### Problem
Restate word for word the lines beginning with the one that contains "AKSOUL Camping Sleeping" and ending at the bottom of the records below, both included.

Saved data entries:
::::::::::

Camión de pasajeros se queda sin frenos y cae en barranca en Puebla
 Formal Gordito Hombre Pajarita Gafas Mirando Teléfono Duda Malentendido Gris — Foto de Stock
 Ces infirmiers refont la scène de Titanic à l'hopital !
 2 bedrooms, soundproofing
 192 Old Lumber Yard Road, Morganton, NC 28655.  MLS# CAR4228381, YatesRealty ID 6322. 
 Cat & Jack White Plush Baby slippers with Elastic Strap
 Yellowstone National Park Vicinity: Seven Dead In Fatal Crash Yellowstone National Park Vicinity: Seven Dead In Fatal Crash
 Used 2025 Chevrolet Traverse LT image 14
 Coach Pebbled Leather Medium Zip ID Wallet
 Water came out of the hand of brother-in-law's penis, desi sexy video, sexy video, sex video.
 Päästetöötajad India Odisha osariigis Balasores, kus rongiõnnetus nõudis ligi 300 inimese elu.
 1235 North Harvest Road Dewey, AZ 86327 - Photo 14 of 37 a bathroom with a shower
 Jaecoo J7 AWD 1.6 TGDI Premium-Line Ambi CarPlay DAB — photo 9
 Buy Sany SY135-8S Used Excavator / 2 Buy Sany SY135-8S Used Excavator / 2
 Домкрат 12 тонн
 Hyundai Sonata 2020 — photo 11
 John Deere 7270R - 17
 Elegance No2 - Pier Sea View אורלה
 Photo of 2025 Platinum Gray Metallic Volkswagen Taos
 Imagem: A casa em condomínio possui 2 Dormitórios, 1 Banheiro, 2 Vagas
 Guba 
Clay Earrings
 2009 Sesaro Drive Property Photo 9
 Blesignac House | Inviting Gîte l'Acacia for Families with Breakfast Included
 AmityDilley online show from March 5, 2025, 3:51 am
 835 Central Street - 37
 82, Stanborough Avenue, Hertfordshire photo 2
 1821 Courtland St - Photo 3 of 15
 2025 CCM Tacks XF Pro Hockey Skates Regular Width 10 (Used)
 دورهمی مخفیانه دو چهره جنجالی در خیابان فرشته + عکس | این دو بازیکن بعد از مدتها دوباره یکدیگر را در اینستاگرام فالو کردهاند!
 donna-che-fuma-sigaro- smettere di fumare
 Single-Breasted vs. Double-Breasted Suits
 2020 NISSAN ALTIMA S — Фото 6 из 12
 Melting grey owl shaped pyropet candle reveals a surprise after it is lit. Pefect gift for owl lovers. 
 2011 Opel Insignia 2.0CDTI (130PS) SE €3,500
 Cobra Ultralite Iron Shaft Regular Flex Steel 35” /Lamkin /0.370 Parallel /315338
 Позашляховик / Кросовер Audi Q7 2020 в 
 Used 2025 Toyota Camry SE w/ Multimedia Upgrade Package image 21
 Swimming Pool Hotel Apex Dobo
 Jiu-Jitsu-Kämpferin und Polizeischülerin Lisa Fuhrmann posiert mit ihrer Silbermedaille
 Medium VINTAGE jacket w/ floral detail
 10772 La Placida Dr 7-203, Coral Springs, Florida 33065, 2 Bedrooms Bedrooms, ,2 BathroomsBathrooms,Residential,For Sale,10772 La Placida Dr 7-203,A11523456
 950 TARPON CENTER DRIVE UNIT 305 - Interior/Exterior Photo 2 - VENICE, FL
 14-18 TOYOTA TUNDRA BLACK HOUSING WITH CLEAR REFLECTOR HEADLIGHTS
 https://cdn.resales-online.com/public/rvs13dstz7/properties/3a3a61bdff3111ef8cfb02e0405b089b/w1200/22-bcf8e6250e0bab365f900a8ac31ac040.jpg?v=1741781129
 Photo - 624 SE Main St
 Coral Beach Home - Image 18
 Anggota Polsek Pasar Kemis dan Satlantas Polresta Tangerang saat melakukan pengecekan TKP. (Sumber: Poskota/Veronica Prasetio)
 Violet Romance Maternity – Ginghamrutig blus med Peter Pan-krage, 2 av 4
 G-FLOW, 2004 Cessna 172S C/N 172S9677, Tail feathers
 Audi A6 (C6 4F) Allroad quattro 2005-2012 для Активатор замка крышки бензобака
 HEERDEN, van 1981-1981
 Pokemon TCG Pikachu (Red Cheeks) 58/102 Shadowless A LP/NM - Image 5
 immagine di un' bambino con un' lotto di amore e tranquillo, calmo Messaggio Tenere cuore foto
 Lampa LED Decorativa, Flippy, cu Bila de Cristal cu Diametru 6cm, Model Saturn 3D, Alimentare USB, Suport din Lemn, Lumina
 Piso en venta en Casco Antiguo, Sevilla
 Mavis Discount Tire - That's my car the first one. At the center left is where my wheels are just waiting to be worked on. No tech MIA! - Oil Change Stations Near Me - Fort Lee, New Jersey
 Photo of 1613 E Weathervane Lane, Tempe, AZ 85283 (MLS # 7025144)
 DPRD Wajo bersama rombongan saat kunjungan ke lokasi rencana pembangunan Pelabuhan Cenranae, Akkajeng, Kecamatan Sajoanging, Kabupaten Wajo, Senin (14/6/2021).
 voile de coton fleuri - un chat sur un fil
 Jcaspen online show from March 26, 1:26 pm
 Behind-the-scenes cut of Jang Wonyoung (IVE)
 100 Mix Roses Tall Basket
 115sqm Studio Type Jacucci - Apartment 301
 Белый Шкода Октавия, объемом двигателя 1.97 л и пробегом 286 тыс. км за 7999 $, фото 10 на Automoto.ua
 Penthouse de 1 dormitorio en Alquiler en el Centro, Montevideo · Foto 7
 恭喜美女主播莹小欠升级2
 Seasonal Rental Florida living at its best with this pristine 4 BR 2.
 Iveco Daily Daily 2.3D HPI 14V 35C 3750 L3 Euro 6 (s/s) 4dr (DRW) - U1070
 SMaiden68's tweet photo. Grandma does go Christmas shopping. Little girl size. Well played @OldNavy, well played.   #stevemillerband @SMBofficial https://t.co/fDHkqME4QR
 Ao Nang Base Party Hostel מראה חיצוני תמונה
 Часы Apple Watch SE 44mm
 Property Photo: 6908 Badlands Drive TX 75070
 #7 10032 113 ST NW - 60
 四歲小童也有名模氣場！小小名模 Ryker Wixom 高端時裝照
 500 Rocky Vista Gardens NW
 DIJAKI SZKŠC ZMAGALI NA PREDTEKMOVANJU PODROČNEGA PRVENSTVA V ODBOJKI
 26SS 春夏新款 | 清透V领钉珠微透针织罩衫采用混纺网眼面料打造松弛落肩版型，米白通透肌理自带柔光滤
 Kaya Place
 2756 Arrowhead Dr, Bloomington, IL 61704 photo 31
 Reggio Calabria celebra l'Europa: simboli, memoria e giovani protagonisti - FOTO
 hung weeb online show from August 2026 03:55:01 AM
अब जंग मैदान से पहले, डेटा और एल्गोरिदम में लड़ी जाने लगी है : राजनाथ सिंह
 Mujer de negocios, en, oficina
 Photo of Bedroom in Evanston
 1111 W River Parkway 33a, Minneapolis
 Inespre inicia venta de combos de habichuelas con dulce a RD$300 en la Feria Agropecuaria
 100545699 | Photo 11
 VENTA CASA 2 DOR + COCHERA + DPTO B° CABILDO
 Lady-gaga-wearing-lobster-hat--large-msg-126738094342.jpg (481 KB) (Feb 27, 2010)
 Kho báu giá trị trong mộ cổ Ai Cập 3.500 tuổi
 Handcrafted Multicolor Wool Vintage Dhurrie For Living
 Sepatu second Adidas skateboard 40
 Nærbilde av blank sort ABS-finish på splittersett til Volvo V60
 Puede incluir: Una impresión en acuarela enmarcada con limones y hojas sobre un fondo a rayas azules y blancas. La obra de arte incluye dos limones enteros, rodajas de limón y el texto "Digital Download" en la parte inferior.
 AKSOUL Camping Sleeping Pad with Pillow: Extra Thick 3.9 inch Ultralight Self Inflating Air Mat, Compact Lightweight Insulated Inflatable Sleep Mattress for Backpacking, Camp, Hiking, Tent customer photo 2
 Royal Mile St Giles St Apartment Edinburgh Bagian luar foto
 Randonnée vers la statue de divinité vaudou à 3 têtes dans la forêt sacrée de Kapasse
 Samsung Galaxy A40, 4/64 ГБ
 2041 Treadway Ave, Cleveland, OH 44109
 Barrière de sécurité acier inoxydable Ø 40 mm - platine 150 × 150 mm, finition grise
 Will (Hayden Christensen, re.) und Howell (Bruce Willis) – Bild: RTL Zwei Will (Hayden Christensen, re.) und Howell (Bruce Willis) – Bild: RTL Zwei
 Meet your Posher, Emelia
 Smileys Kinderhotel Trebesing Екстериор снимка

::::::::::

### Response to the task
 AKSOUL Camping Sleeping Pad with Pillow: Extra Thick 3.9 inch Ultralight Self Inflating Air Mat, Compact Lightweight Insulated Inflatable Sleep Mattress for Backpacking, Camp, Hiking, Tent customer photo 2
 Royal Mile St Giles St Apartment Edinburgh Bagian luar foto
 Randonnée vers la statue de divinité vaudou à 3 têtes dans la forêt sacrée de Kapasse
 Samsung Galaxy A40, 4/64 ГБ
 2041 Treadway Ave, Cleveland, OH 44109
 Barrière de sécurité acier inoxydable Ø 40 mm - platine 150 × 150 mm, finition grise
 Will (Hayden Christensen, re.) und Howell (Bruce Willis) – Bild: RTL Zwei Will (Hayden Christensen, re.) und Howell (Bruce Willis) – Bild: RTL Zwei
 Meet your Posher, Emelia
 Smileys Kinderhotel Trebesing Екстериор снимка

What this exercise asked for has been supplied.